When to Extend jQuery
More often than you might think. I have found that writing jQuery extensions is a clean and readable way to write not only plugins, but also application and page specific code. Recently there have been two scenarios where I found it appropriate to write some extensions.
The first is when you are using a plugin in multiple places and have a common way of invoking and interacting with it in your application. I was working with a modal window that was popped from multiple places, so I wrapped the modal plugin in my own extension that knew all the default settings and behaviors for the modal. That way my pages that used it could just invoke my plugin and not have to duplicate all the setup code.
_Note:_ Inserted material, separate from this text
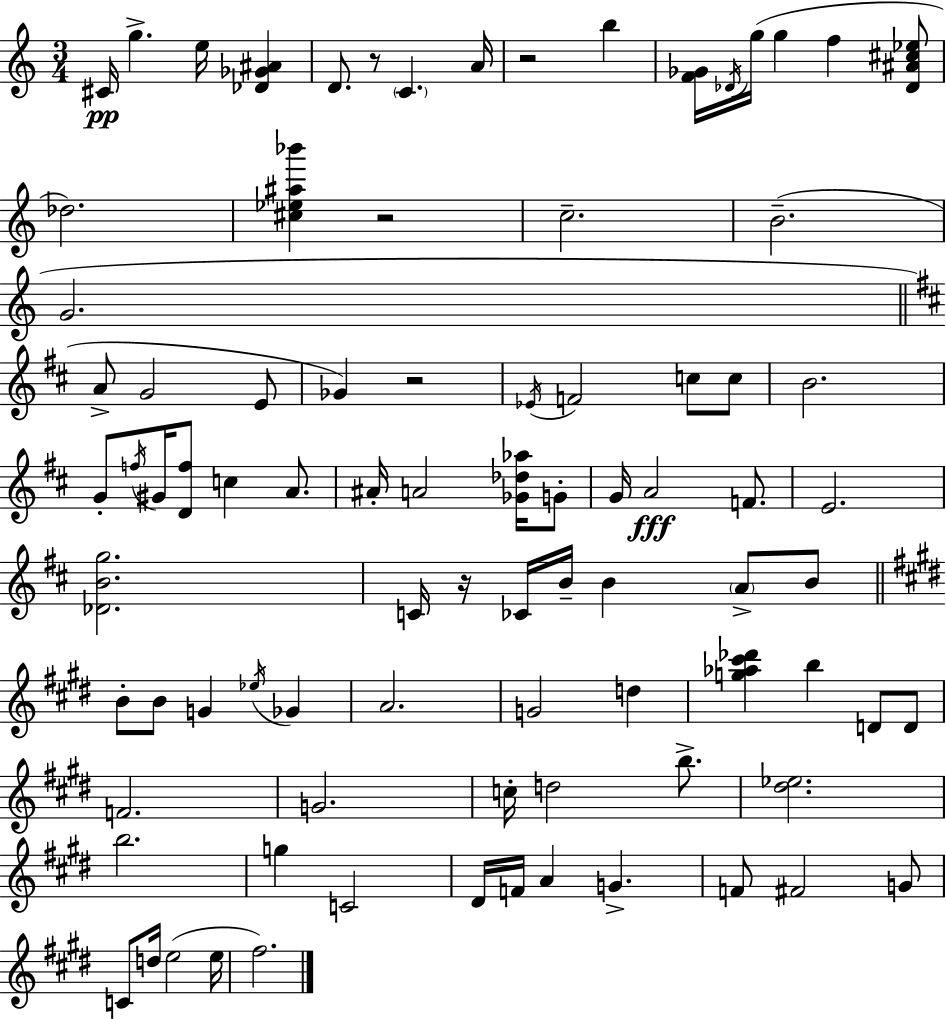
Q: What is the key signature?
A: A minor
This is just an example to illustrate the technique, so please don't bother trying to execute it.
[js](function($) {
$.fn.extend({
openMyModal: function(options) {
//Merge the passed in and default settings, then call the plugin code.
this.popmodal($.extend($.logWorkoutResults.settings, options));
}
});
$.extend({logWorkoutResults: {
settings: {
someSetting: 'blah',
success: function() {
...
}
}
});
})(jQuery);[/js]
So the gist of what we're doing here is providing the common set of settings and function overrides in one place, but still allowing them to be overridden by the caller. The default settings and the passed in settings will be merged and then the plugin will be invoked. You would call it like this:
[js]$(".selector").openMyModal({ someSetting: 'blah blah' });[/js]
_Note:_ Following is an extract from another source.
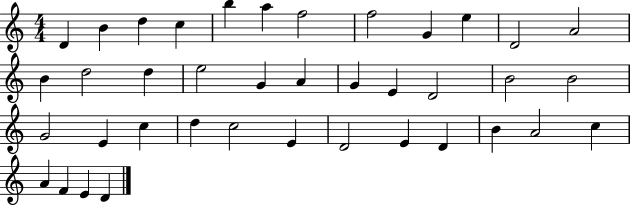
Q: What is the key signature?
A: C major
Pretty clean and easy to use, yet still easy to override if a certain page needs to change things. You can really go crazy with this, too. Since it is your extension just using a plugin, you can add all sorts of additional functionality.
The other time that it makes a lot of sense to write your own is when you find yourself writing loose functions that take one or more DOM elements as a parameter, or even if your function selects some elements and acts on them. For example, let's look at this plain old function call.
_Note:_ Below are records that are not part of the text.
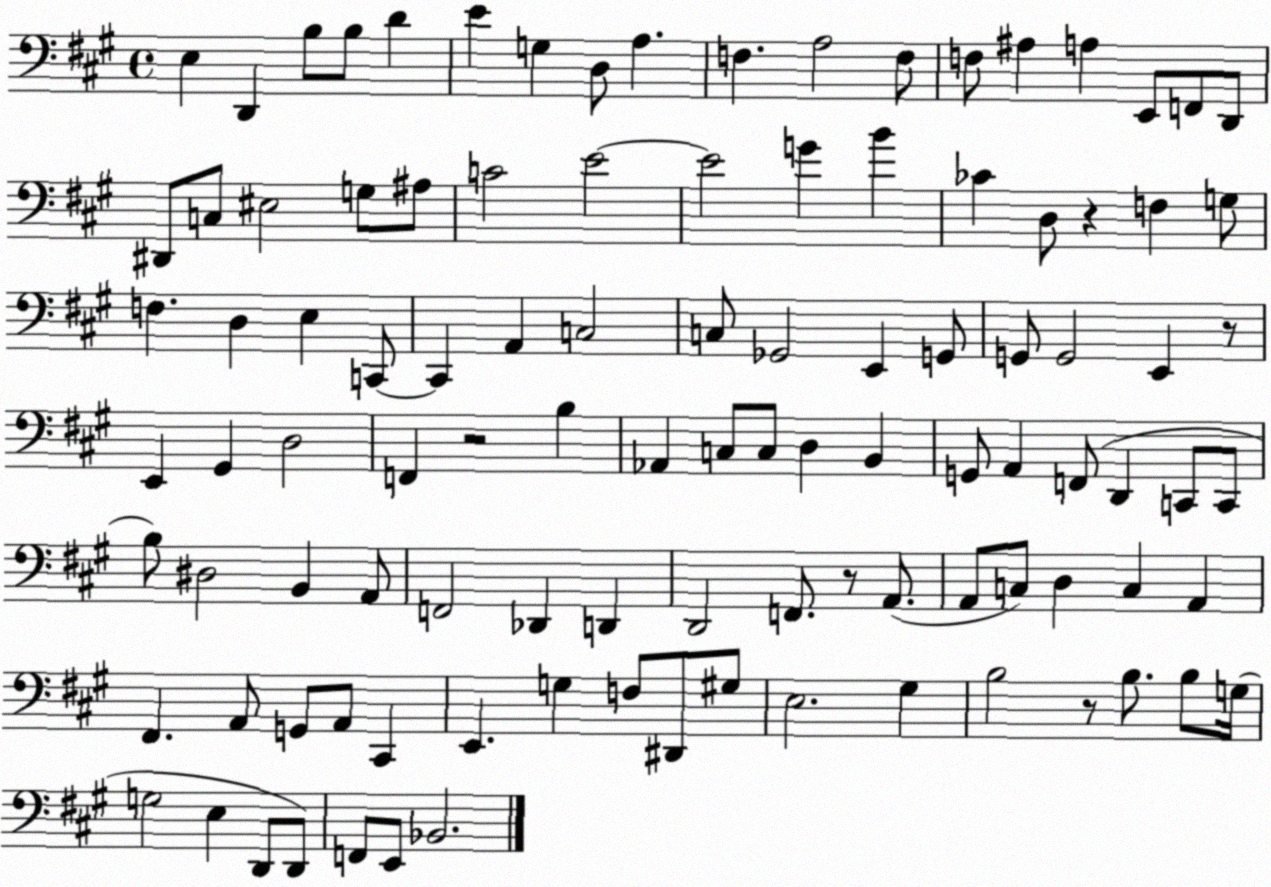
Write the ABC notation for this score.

X:1
T:Untitled
M:4/4
L:1/4
K:A
E, D,, B,/2 B,/2 D E G, D,/2 A, F, A,2 F,/2 F,/2 ^A, A, E,,/2 F,,/2 D,,/2 ^D,,/2 C,/2 ^E,2 G,/2 ^A,/2 C2 E2 E2 G B _C D,/2 z F, G,/2 F, D, E, C,,/2 C,, A,, C,2 C,/2 _G,,2 E,, G,,/2 G,,/2 G,,2 E,, z/2 E,, ^G,, D,2 F,, z2 B, _A,, C,/2 C,/2 D, B,, G,,/2 A,, F,,/2 D,, C,,/2 C,,/2 B,/2 ^D,2 B,, A,,/2 F,,2 _D,, D,, D,,2 F,,/2 z/2 A,,/2 A,,/2 C,/2 D, C, A,, ^F,, A,,/2 G,,/2 A,,/2 ^C,, E,, G, F,/2 ^D,,/2 ^G,/2 E,2 ^G, B,2 z/2 B,/2 B,/2 G,/4 G,2 E, D,,/2 D,,/2 F,,/2 E,,/2 _B,,2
[js]MyPage.myFunction($("div.somestuff"), { parm1: 'value' });[/js]
Instead of having a loose function that depends on being passed a jQuery element, just rewrite your function to extend jQuery and it gets a whole lot cleaner.
[js]$("div.somestuff").myFunction({parm1: 'value'});[/js]The inside of the function is easy to change, too. The old one would have looked like this:
[js]var MyPage = {
myFunction: function(elements, settings) {
elements.each(function() {
//do stuff with 'this'
});
}
};[/js]
But now it will just look like this:
[js](function($) {
$.fn.extend({
myFunction: function(options) {
this.each(function() {
//do something with 'this'
});
}
});
})(jQuery);[/js]
So the implementation code doesn't look that much different, but the calling is a whole lot cleaner and easier to follow. You can just include that extension at the top of your page's js file or where it makes sense.